On Nov 10, 2015, at 8:46 AM, Gordon Messmer <gordon.messmer at gmail.com> wrote:> > On 11/09/2015 09:22 PM, Arun Khan wrote: >> You can use "newer" options of the find command and pass the file list > > the process you described is likely to miss files that are modified while "find" runs.Well, be fair, rsync can also miss files if files are changing while the backup occurs. Once rsync has passed through a given section of the tree, it will not see any subsequent changes. If you need guaranteed-complete filesystem-level snapshots, you need to be using something at the kernel level that can atomically collect the set of modified blocks/files, rather than something that crawls the tree in user space. On the BSD Now podcast, they recently told a war story about moving one of the main FreeBSD servers to a new data center. rsync was taking 21 hours in back-to-back runs purely due to the amount of files on that server, which gave plenty of time for files to change since the last run. Solution? ZFS send: http://128bitstudios.com/2010/07/23/fun-with-zfs-send-and-receive/
On 11/10/2015 12:16 PM, Warren Young wrote:> > Well, be fair, rsync can also miss files if files are changing while the backup occurs. Once rsync has passed through a given section of the tree, it will not see any subsequent changes.I think you miss my meaning. Consider this sequence of events: * "find" begins and processes dirA and then dirB * another application writes files in dirA * "find" completes * a new timestamp file is written Now, the new file in dirA wasn't seen by find during this run, and it won't be seen on the next run either. That's what I mean by missed. Not temporarily missed, but permanently. That file won't ever be backed up in this very na?ve process. There's no benefit to the process, either. rsync can efficiently examine and synchronize filesystems without using find. And while it may miss files that are written while it's running, it *will* get them on the next run, unlike using "find".> If you need guaranteed-complete filesystem-level snapshots, you need to be using something at the kernel level that can atomically collect the set of modified blocks/files, rather than something that crawls the tree in user space.Generally, I agree with you. In fact: https://bitbucket.org/gordonmessmer/dragonsdawn-snapshot https://github.com/rsnapshot/rsnapshot/pull/44 Doing block-level differentials is nice, if you're using ZFS. But not everyone wants to run ZFS on Linux. I do think that backing up snapshots is important, though.

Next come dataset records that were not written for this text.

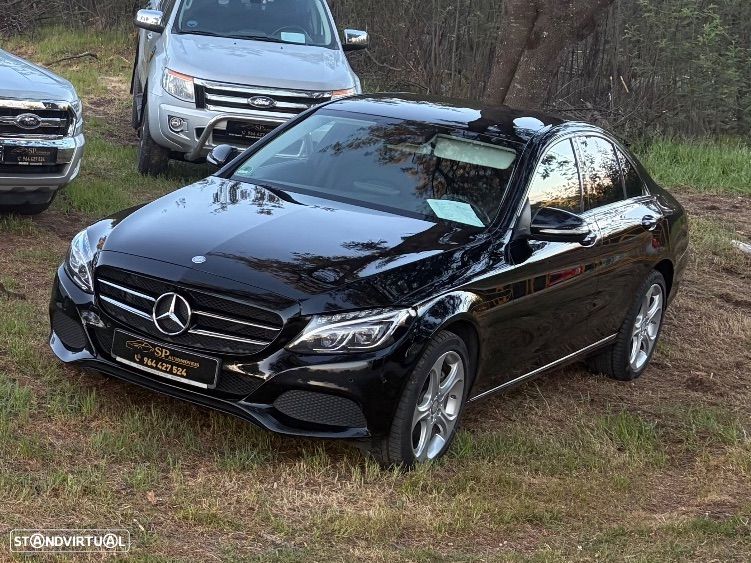Mercedes-Benz C 250 (BlueTEC) d 4Matic Station 7G-TRONIC Exclusive - 16
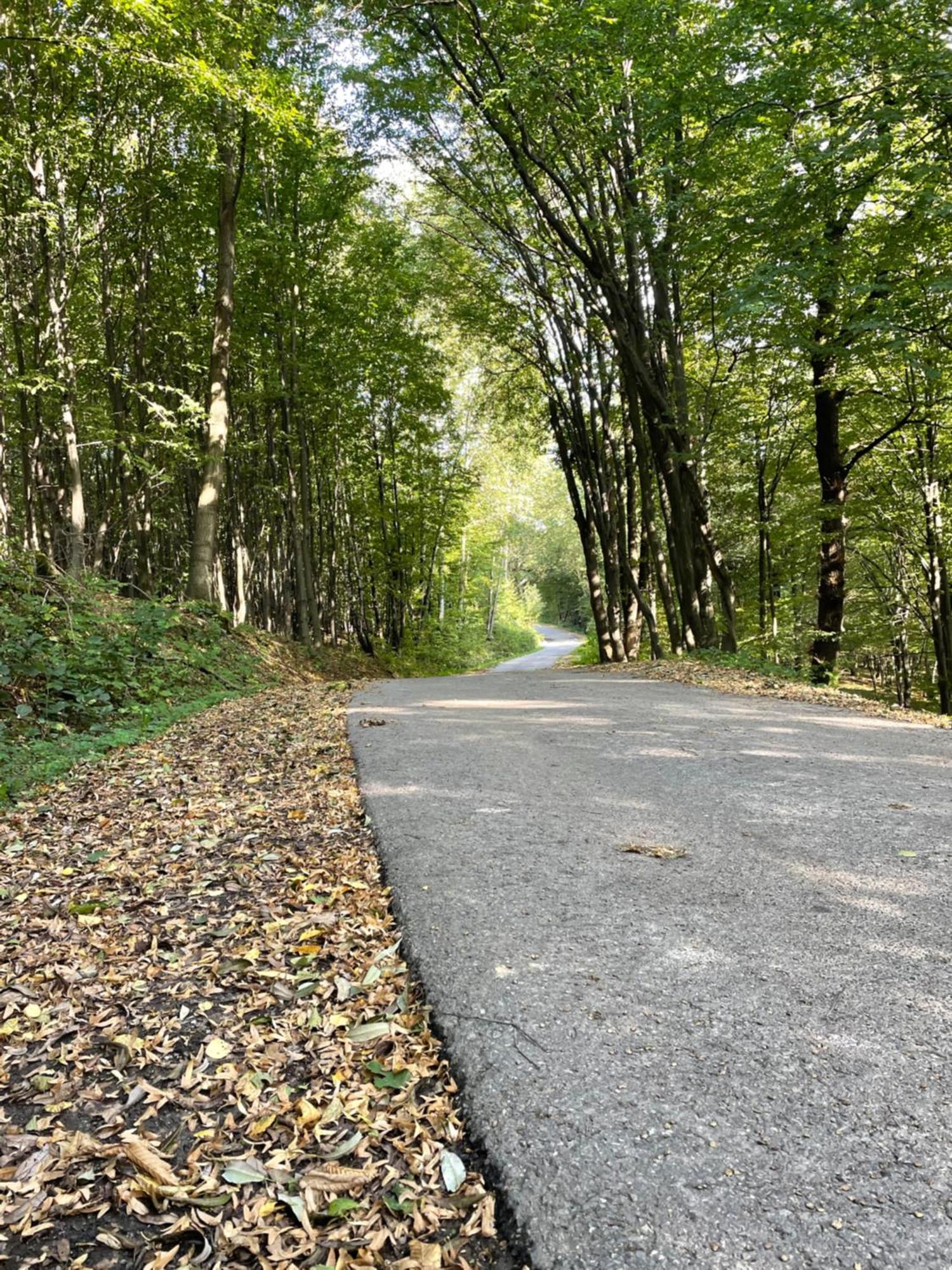 Wioska Jasia I Malgosi Izdebnik Exteriér fotografie
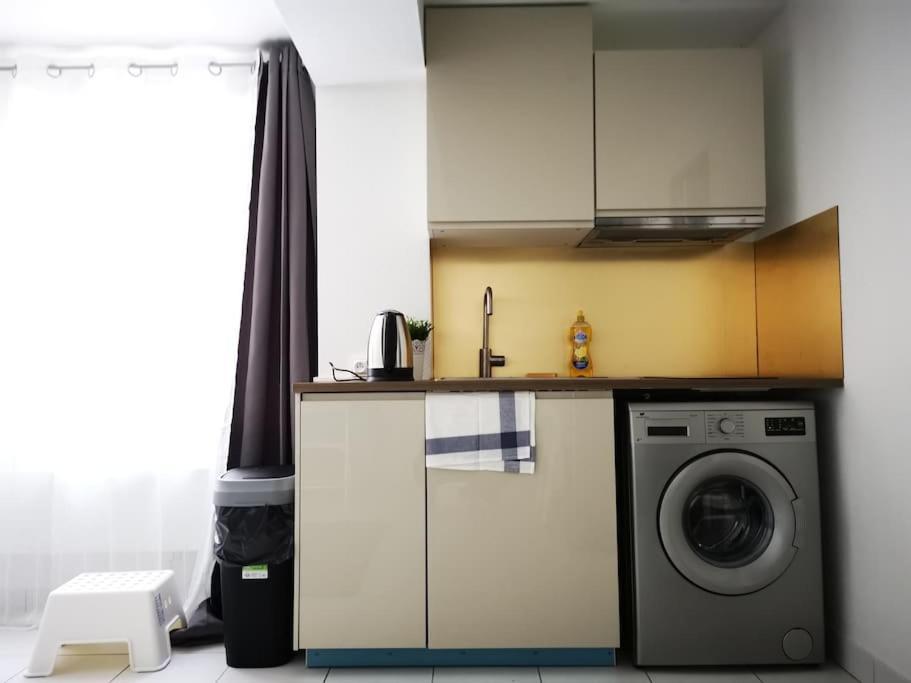 Apartamento Studio De Charme A 30 Min De Paris, 5 Min D'Evry Ris-Orangis Exterior foto
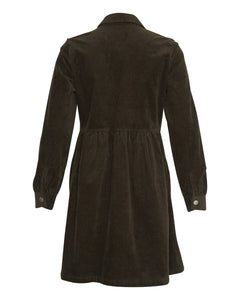Arcelle Geggo Dress - Forest Night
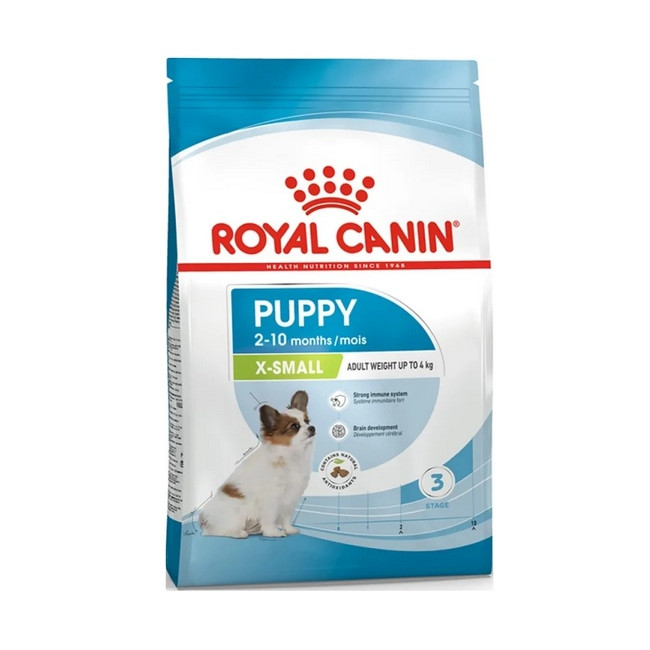 Royal Canin X-Small Puppy 1,5kg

I did exactly this with ZFS on Linux and cut over 24 hours of backup lag to just minutes. If you're managing data at scale, ZFS just rocks... On Tuesday, November 10, 2015 01:16:28 PM Warren Young wrote:> On Nov 10, 2015, at 8:46 AM, Gordon Messmer <gordon.messmer at gmail.com>wrote:> > On 11/09/2015 09:22 PM, Arun Khan wrote: > >> You can use "newer" options of the find command and pass the file list > > > > the process you described is likely to miss files that are modified while > > "find" runs. > Well, be fair, rsync can also miss files if files are changing while the > backup occurs. Once rsync has passed through a given section of the tree, > it will not see any subsequent changes. > > If you need guaranteed-complete filesystem-level snapshots, you need to be > using something at the kernel level that can atomically collect the set of > modified blocks/files, rather than something that crawls the tree in user > space. > > On the BSD Now podcast, they recently told a war story about moving one of > the main FreeBSD servers to a new data center. rsync was taking 21 hours > in back-to-back runs purely due to the amount of files on that server, > which gave plenty of time for files to change since the last run. > > Solution? ZFS send: > > http://128bitstudios.com/2010/07/23/fun-with-zfs-send-and-receive/ > _______________________________________________ > CentOS mailing list > CentOS at centos.org > https://lists.centos.org/mailman/listinfo/centos
On 11/11/15 02:46, Gordon Messmer wrote:> > ... the process you described is likely to miss files that are > modified while "find" runs. >That's just being picky for the sake of it. A backup is a *point-in-time* snapshot of the files being backed up. It will not capture files modified after that point. So, saying that find won't find files modified while the backup is running is frankly the same as saying it won't find files modified anytime in the future after that *point-in-time* when the backup started! If there's a point to be made by the quoted statement above, I missed it and I surely deserve to be educated! ak.